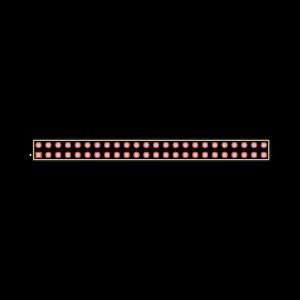 TW-24-12-L-D-745-100 Footprint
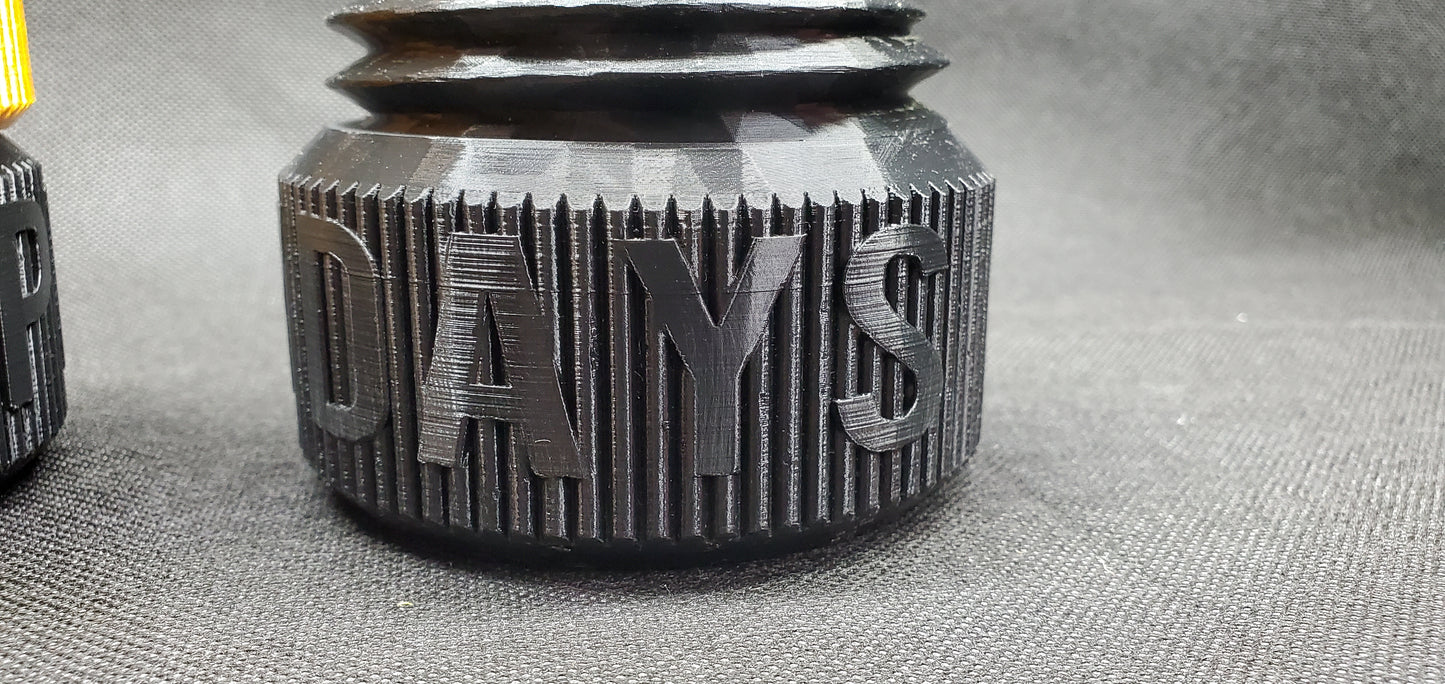 Smoke More Stash container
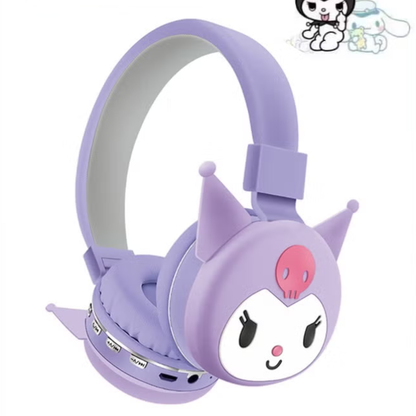 Audífonos Kuromi AH-806Y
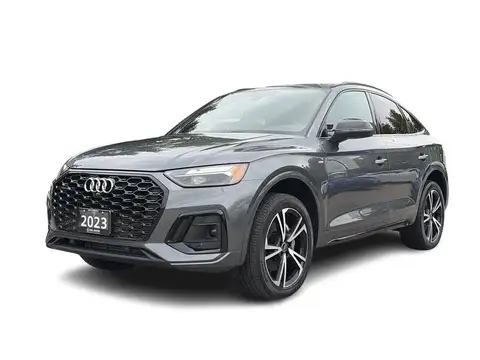 Audi Q5 Progressiv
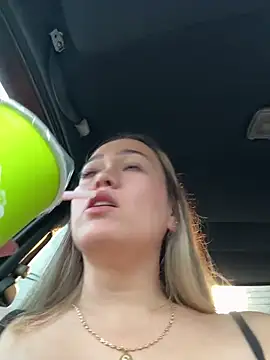 Danielavegax Pertunjukan Webcam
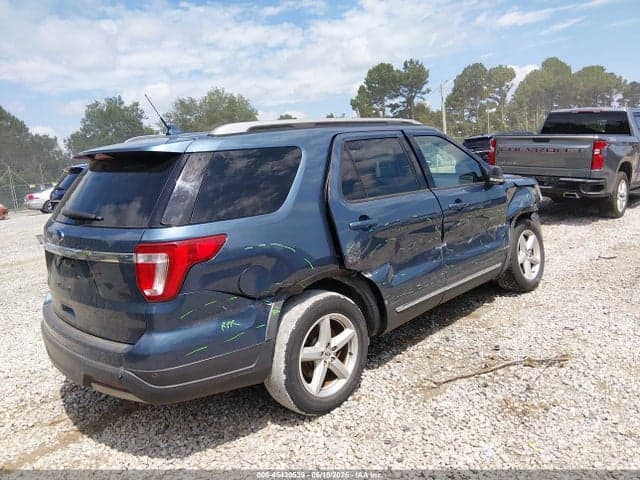 2019 FORD EXPLORER XLT 4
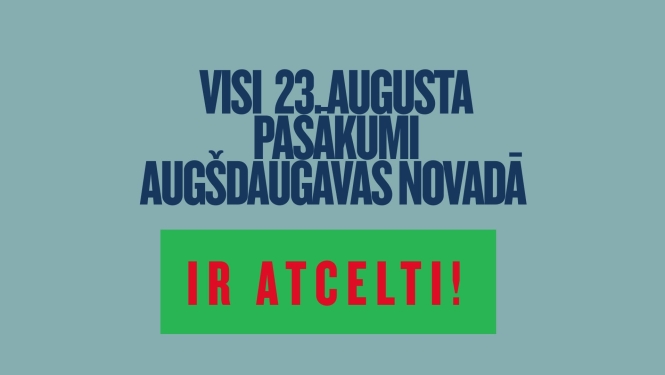Paziņojums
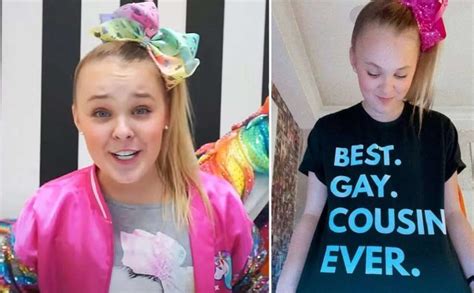 Jojo Siwa Shares Her Happiness After Coming Out To Fans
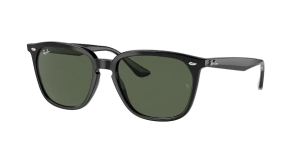 Ray-Ban RB4362, colore 601/71 · Nero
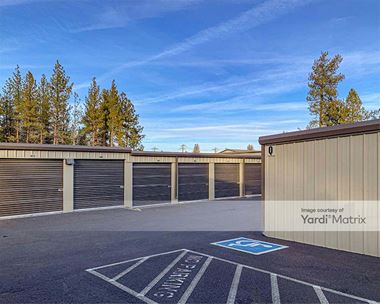 Storage Units for Rent available at 490 West Three Peaks Drive, Sisters, OR 97759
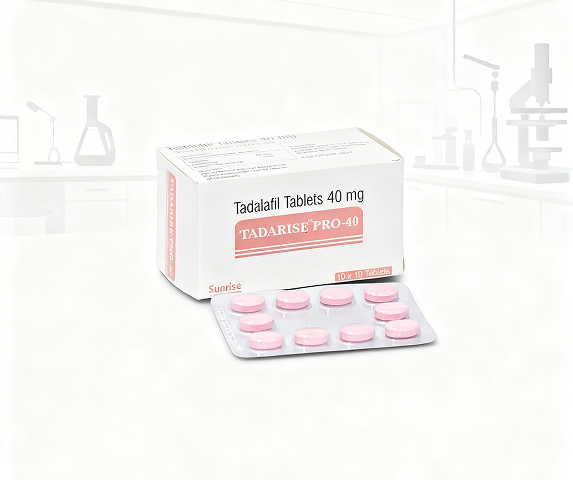 Tadarise PRO 40mg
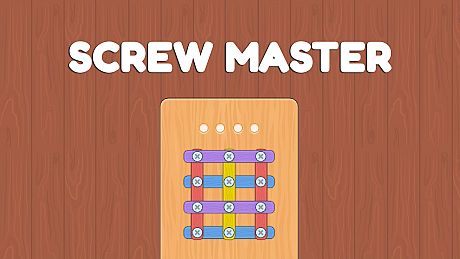 Screw Master Windows Game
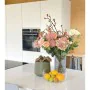 Emerald Ramo de flores artificiales Mistic Summer multicolor 65 cm by , artificial flora - Ref: Foro24-437350, Price: 130,93 ...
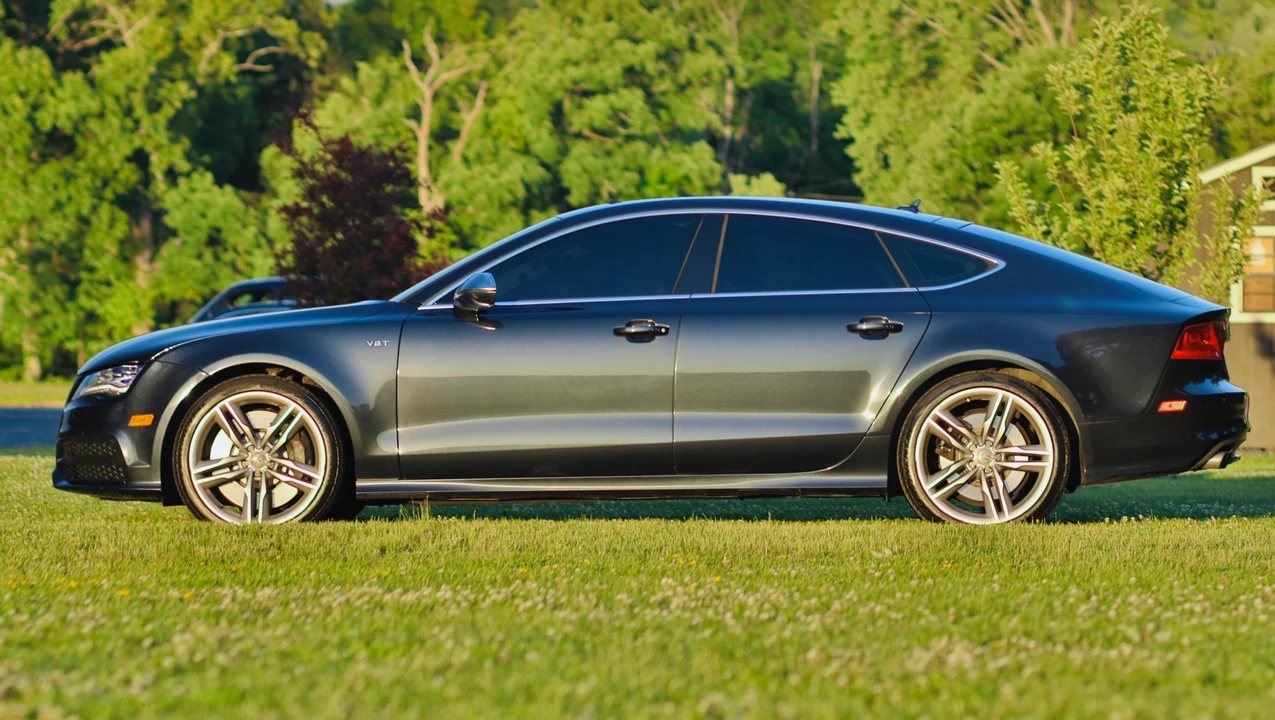 2014 Audi C7 S7 - Image 7 of 31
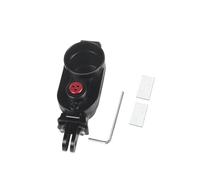 Waterproof case go3 quick release quick release 80 meter dive thumb camera case For Insta360 GO3S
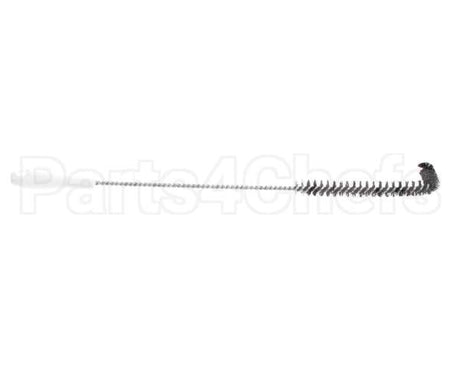 12126 Henny Penny Brush Black L Tipped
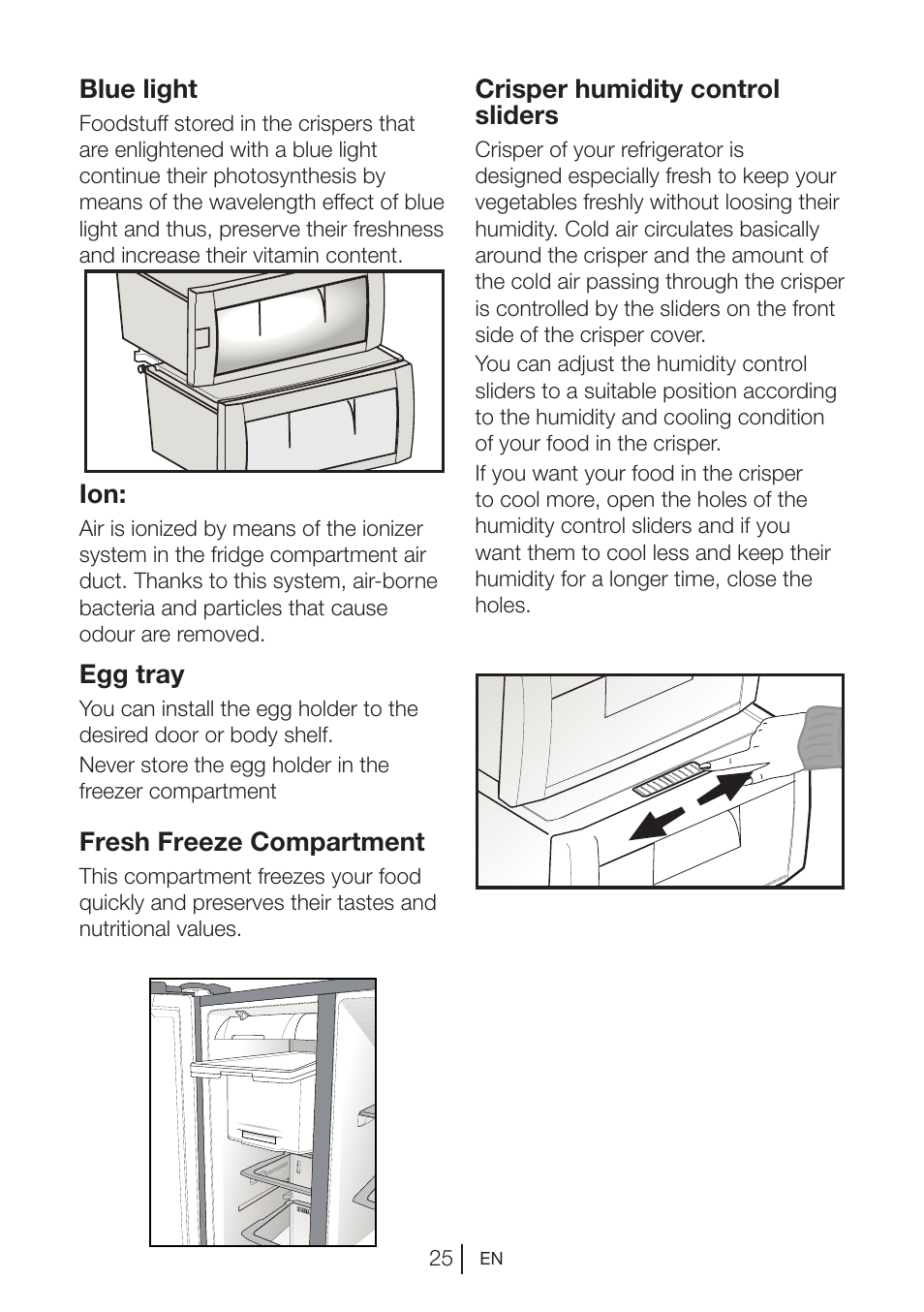 Teka NF2 650 X User Manual | Page 26 / 263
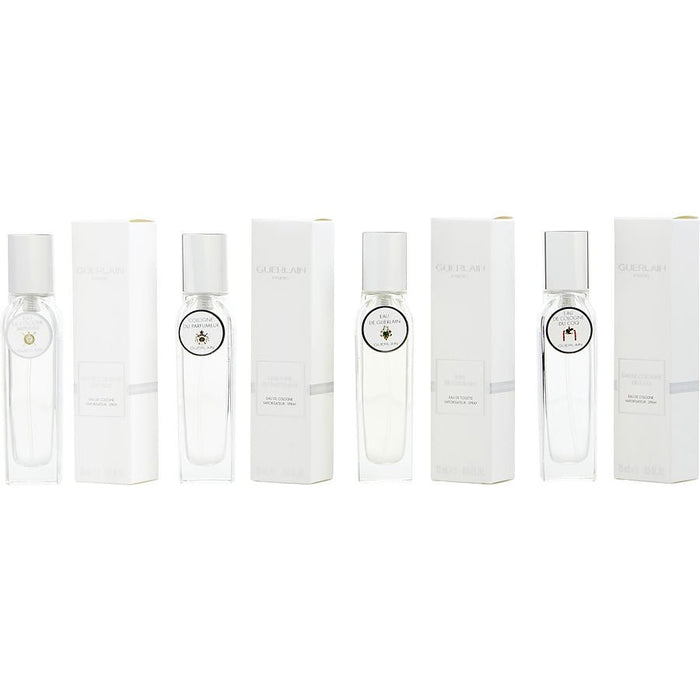 Guerlain Variety Mini Set - 7STARSFRAGRANCES.COM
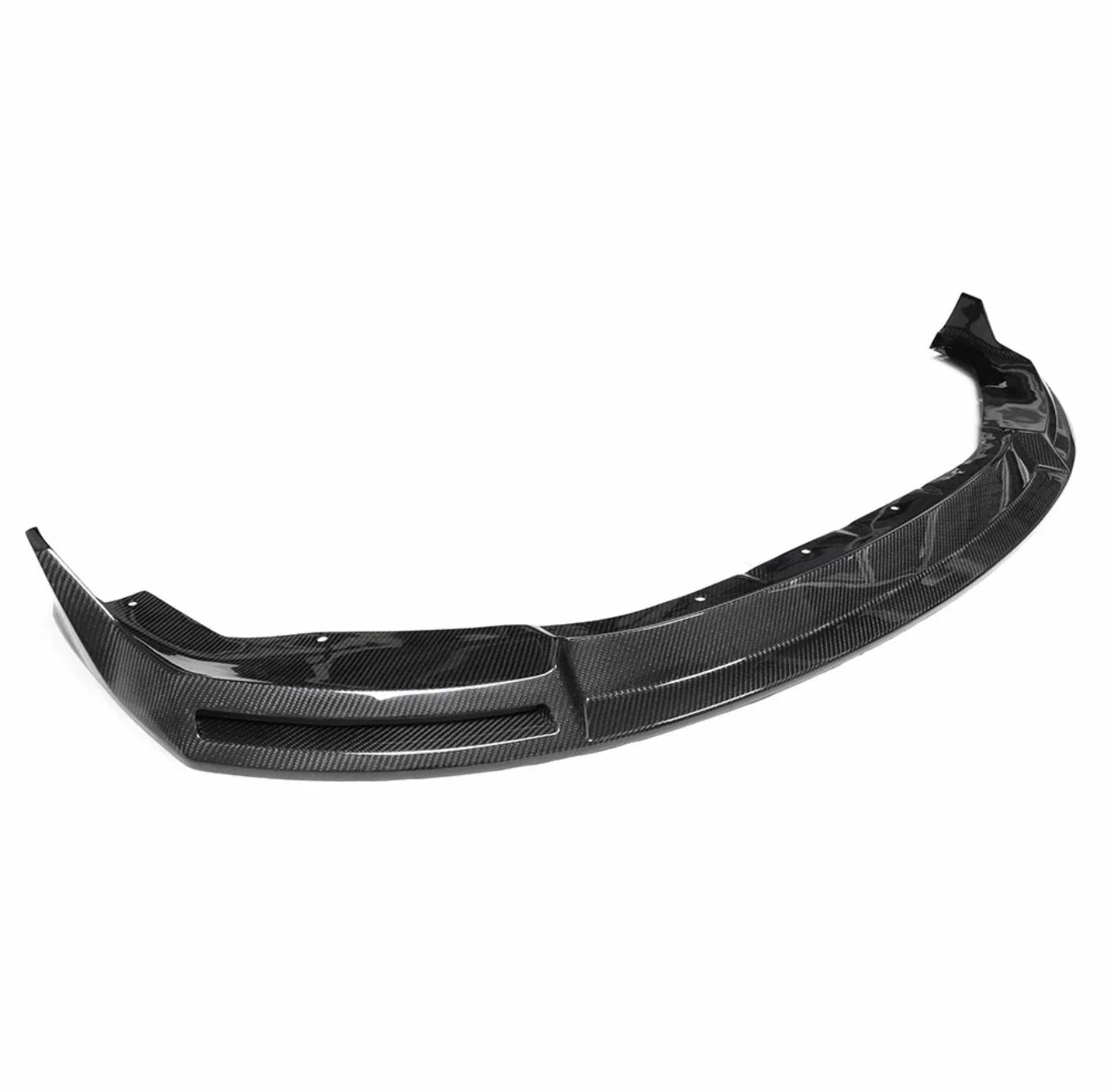 BMW G87 M2 Vr3 Style Full Carbon 1 Pieces Front Lip | Trofeo Composites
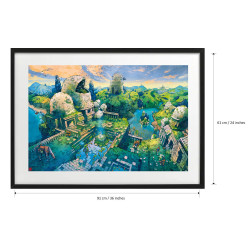 Mathieu Bablet - The Journey Begins (Affiche)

◆ **Work item**: Give back, exactly and with nothing added, the lines from the line with "Teka NF2 650 X User Manual | Page 26 / 263" through the final line of the data, both included; leave pictures out.

◆ **Task solution**:
 Teka NF2 650 X User Manual | Page 26 / 263
 Guerlain Variety Mini Set - 7STARSFRAGRANCES.COM
 BMW G87 M2 Vr3 Style Full Carbon 1 Pieces Front Lip | Trofeo Composites
 Mathieu Bablet - The Journey Begins (Affiche)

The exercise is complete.